We're not quite halfway to the Iowa caucuses, but after months of campaigning it's time to check in on how Barack Obama is faring in his audacious bid to win the White House.

First, the bad news. Since receiving an initial bump after officially announcing for president on Feb. 10, Obama has plateaued in the polls. At the end of February, Obama stood at 24.4 percent in the RealClearPolitics Average (an aggregation of all major national surveys available at that time) while his chief rival, Hillary Clinton, was leading at 35.2 percent.

Four months later -- after countless rallies, town hall meetings, and two televised debates -- Obama is at 22.3 percent. Clinton remains well ahead at 36 percent.

It's much the same story in the early primary states. Obama is stuck in third place in Iowa and a distant second to Clinton in New Hampshire, Florida and South Carolina.

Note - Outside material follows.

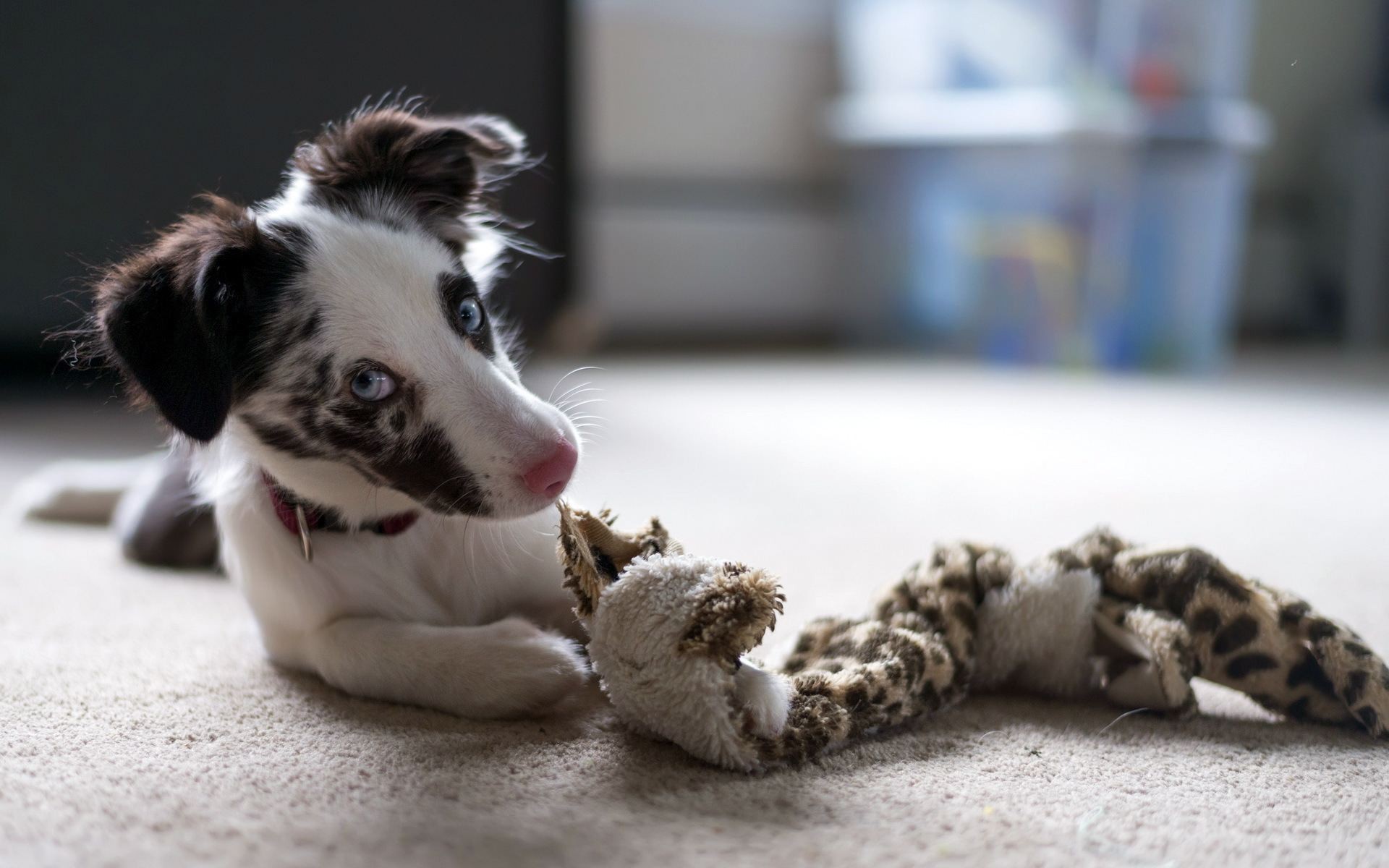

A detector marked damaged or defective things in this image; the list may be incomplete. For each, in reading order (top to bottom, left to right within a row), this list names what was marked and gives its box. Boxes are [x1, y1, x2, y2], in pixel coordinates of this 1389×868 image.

torn plush toy [556, 506, 1389, 770]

More bad news: Obama continues to struggle with questions about whether or not he's up to the job. The issue of experience has been a vulnerability from the start, but Obama may have made things worse by fumbling a question in the first Democratic debate about responding to a terrorist attack against the United States.

Forget al-Qaida, Obama has to prove to liberals he's tough enough to take on his Democratic primary opponents, let alone a Republican challenger. Otherwise, Maureen Dowd's "Obambi" moniker might just stick -- and that's the kind of thing that can damage a campaign.

Now to the good news. For starters, Obama continues to rake in oodles of cash. In the first three months of 2007, Obama raised an astonishing $25 million, just slightly less than Hillary Clinton's vaunted money machine. The second quarter ends in just two weeks and rumors are already circulating that Obama will again come close to matching -- or perhaps even beating -- Clinton's fund-raising total.

More good news: Obama remains extremely likeable. He has the highest favorable rating of any Democratic candidate in the race by far. Better yet, Obama still has room for improvement, since most polls show a decent chunk of people remain either undecided in their opinion of him or haven't heard of him at all.

That stands in stark contrast to Hillary Clinton: Everyone has heard of her, everyone has an opinion about her and many people don't like her. She consistently has the lowest favorable ratings of any candidate in the race, and after so many years at the center of the political stage those attitudes will be extremely difficult to change.

In fact, the best news of all for Obama is his potential "electability." Though Obama hasn't made up ground against Clinton in the most recent national polls, those same surveys show him running 5-10 percent better than Clinton in matchups against the top tier Republicans. Democrats want to win the White House badly, and they'll begin to take notice if Obama continues to demonstrate a better chance of doing it than Clinton.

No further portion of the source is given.